I know I said I wasn’t going to keep track of what I harvested but I decided to do it anyway.  I am a fool in love when it comes to gardening and it didn’t make sense to abandon the process for one year just because this summer didn’t turn out as well as the year before.  But all things considered, it wasn’t a bad year…it was a good year and if things had been slightly different I would have had a great yield.  At the end of the day my yield was off nearly 45% from the previous year

Vegetable                                                 2011                2012                Diff +/-

 

Cabbage/Greens/Lettuces/               31.5 lbs.        21.3 lbs.          -10.2 

Broccoli

 

Beans (all varieties)                            16.3 lbs.         2 .4 lbs.          -13.9

 

Peppers (all varieties)                        19.75 lbs.      12.53 lbs.      -7.22

 

Tomatoes (all varieties)                      121.47 lbs.   66.54 lbs.     -54.93

 

Tomatillos                                                9.01 lbs          4.84 lbs.         -4.17

 

Zucchini/Squash/Cucumber               22.5 lbs        22.63 lbs.     +0.13

 

Onions/Shallots                                      9.0 lbs.        .25 lbs.             -7.75

 

Herbs                                                        1.0 lbs           0.625              -0.375

 

Totals                                                      230.53 lbs       132.16 lbs.      -98.37

 

Surprised?  Yeah, so am I!  I am surprised that it did so well.
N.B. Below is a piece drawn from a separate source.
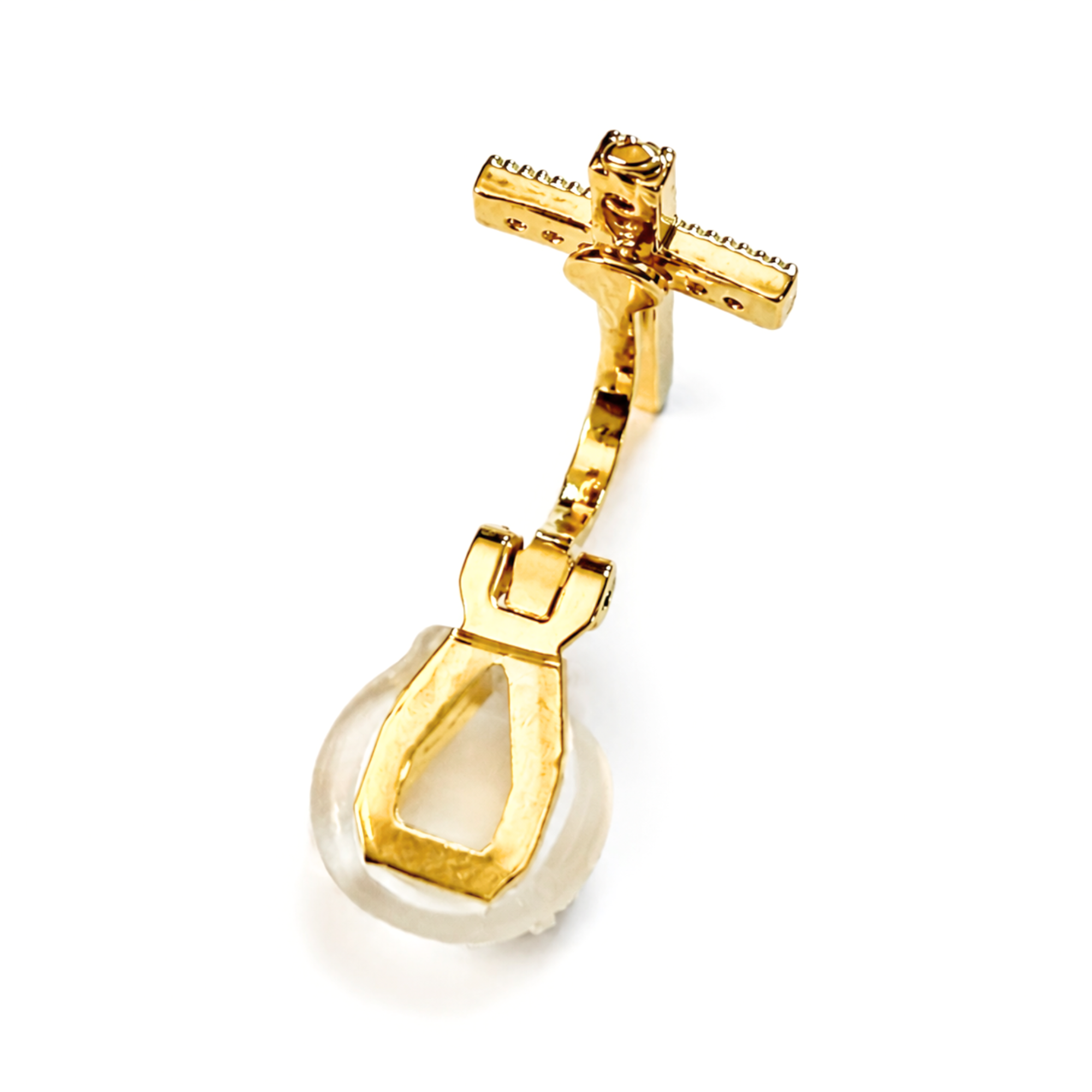 A gold-toned crucifix pendant with a clear glass or acrylic orb at the bottom, photographed on a clean white background.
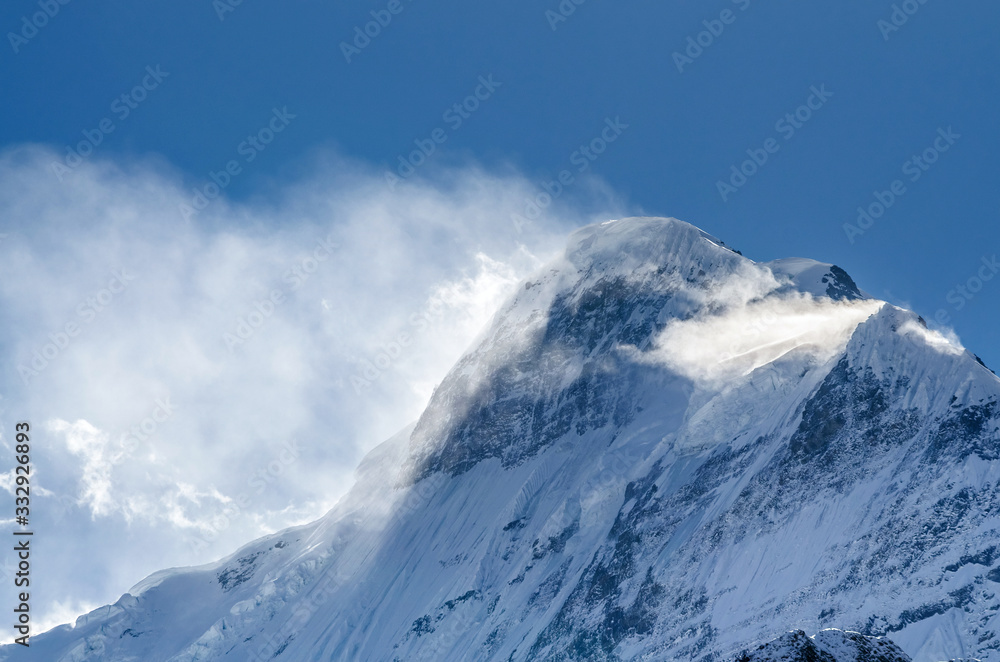 Snow covered Mt. Nilgiri summit in sunny day. Kali Gandaki valley, Annapurna circuit / Jomsom trek, Nepal.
There are some very unique things going on which I should explain so that the numbers make more sense to you.  For example…

  1. I didn’t plant as many tomatillo (2 vs. 4), pepper (24 vs. 51) or tomato plants (34 vs. 34, of which only 14 were not cherry/small tomatoes vs. 5 in 2011) as I did in 2011.
  2. I didn’t plant onions.
  3. My zucchini yield was off this year but the yellow squash made up the difference.  Cucumber yield was about the same or slightly more.
  4. Cabbage production was down significantly (small heads) whereas the greens and broccoli were up.  I did not plant any head lettuces just the leafy varieties.
  5. The bean output was just pitiful.  More plantings than in 2011 and far less yield, the worst ever in 6 years.
  6. 2011, I literally went crazy…planting and cramming as much into the garden as I could.  And when I ran out of room I bought pots and bins.  The goal was to not have to work as hard in my garden this year as I did in the previous year.  I think that there is a happy medium and I am confident I will find it in 2013.
  7. I hand-watered the garden. I didn’t want to water the weeds (which, thankfully I didn’t have many)!   I hand-watered in 2011 too, but it got to a point that I had to use the hose.  2012, though I had fewer plants they needed just as much attention.  Look at the number of plants (see point #1) I had in both years.  Hand watering takes time!  I felt like I was working myself like my mother likes to work my “government mule” ass.  I overworked myself in 2011 and wasn’t going to make the same mistake in 2012…and yet I watered AND WATERED!  I was averaging between 90 – 100 minutes every 2 or 3 days through the middle of August.  Hot days took longer.  The plants looked like they were doing great even with the heatwave, but with the notable exception of the tomatillo plants, which unexpectedly grew to nearly seven feet tall, they were all rather spindly and ultimately kind of weak looking.  But like I said, the numbers were there but the size and weight wasn’t.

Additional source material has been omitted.